What we take from this:

  • The move-out shrinks the hot database by deleting cold interior nodes and relocating cold leaves. With the floor 2 / cap 3 rule PebbleDB drops 95.9 GB and the leaves land in a flat file you can park on cheaper storage.
  • Total on-disk still shrinks after counting the archive: -12.90 GB raw, and -54.28 GB (about 22%) with the chunked compression. The price is rebuilding a small subtree on a rare access of cold state, at most 73 leaves at this cap.
  • The cap height is a tradeoff between disk size and rebuild cost. A deeper cap frees more disk but makes the worst-case rebuild larger, and the disk gains shrink fast while the rebuild cost climbs. Cap 3 is the best balance, cap 4 is more aggressive (more disk, bigger rebuild), and cap 5 is barely worth it.

Open Questions

Performance under real workloads. Everything above is a static footprint measurement. What it does not measure is the performance cost of modifying cold state. Every hit on a cold subtree pays a rebuild: read the leaf records, rebuild the subtree in memory, and hash-check it before returning. That is cheap at a shallow cap, at most 73 leaves at cap 3, but it grows with the cap, to about 300 leaves at cap 4 and over a thousand at cap 5, and it happens on every access to a cold subtree. This is the main reason a deeper cap is not automatically better despite saving more disk.

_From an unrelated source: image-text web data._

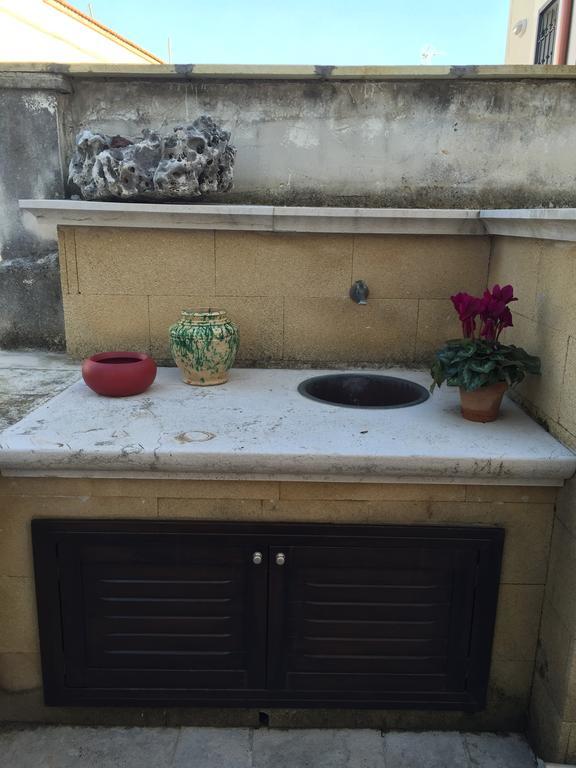 Casa Torre Di Mactheus Petraro Apartment Giovinazzo Luaran gambar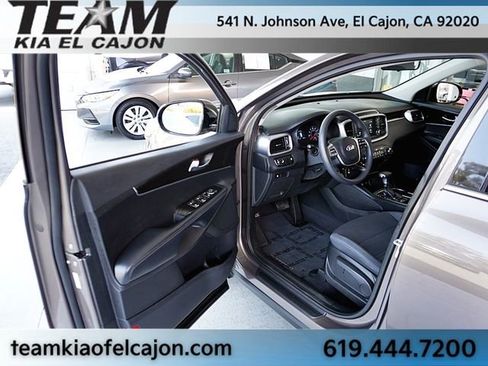 Certified 2019 Kia Sorento FWD image 35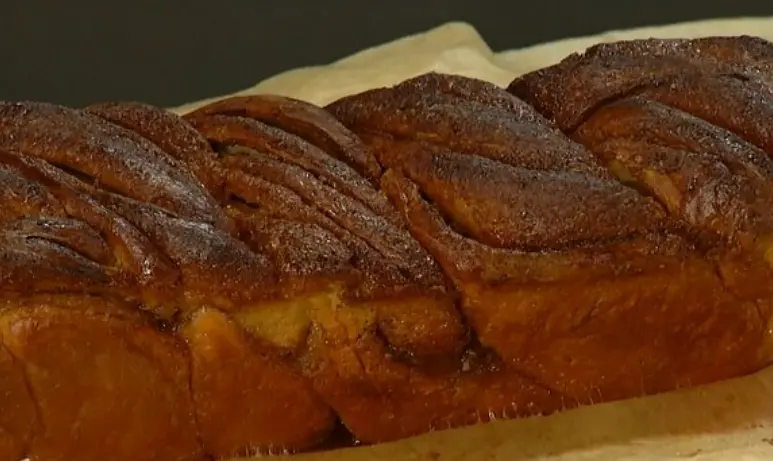 Яичный желток смешать с молоком и солью, смазать косичку и выпекать в разогретой духовке 45 минут.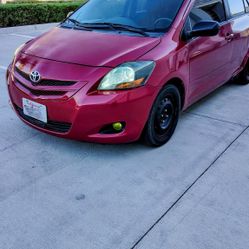2007 Toyota Yaris
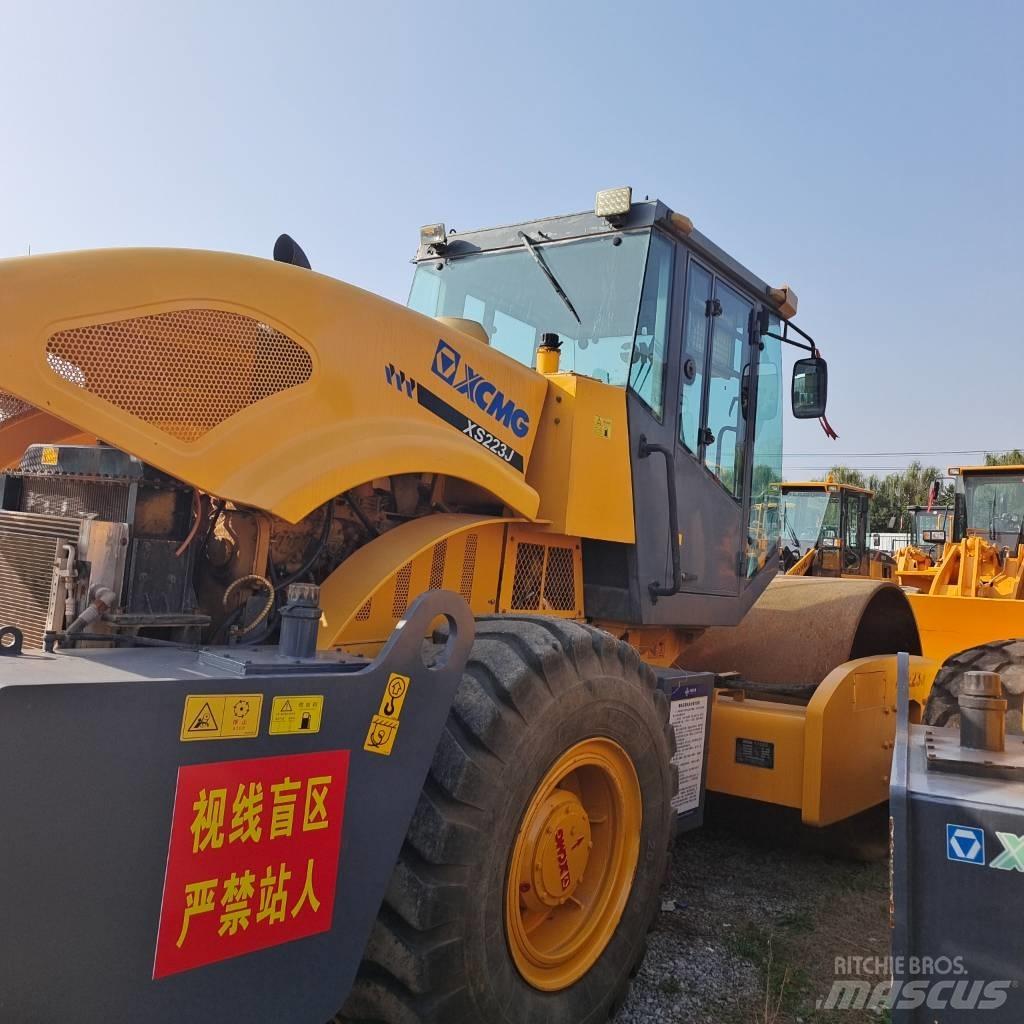 XCMG XS 223 J 振動ローラ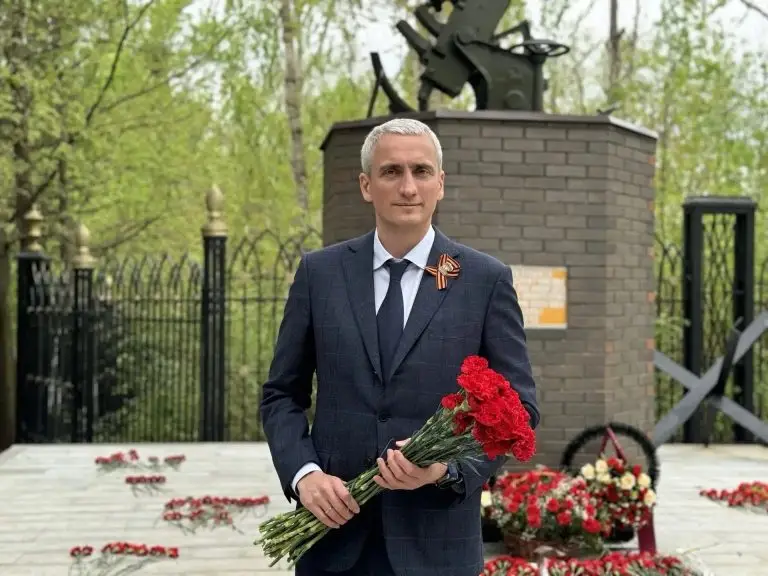 Евгений Нифантьев принял участие в мемориальной акции ко Дню Победы в районе Орехово-Борисово Северное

So the footprint winner is not automatically the workload winner. A design that saves the most disk can still lose if a common access pattern keeps reaching into cold subtrees and paying the rebuild. The experiment we have not run yet is to replay real mainnet blocks, plus some adversarial patterns that deliberately access cold state. Compression adds a second layer here, since a hit on a compressed chunk also pays a decompress of that chunk. Hence, the numbers presented in this document should solely serve as references for storage footprint, and not performance.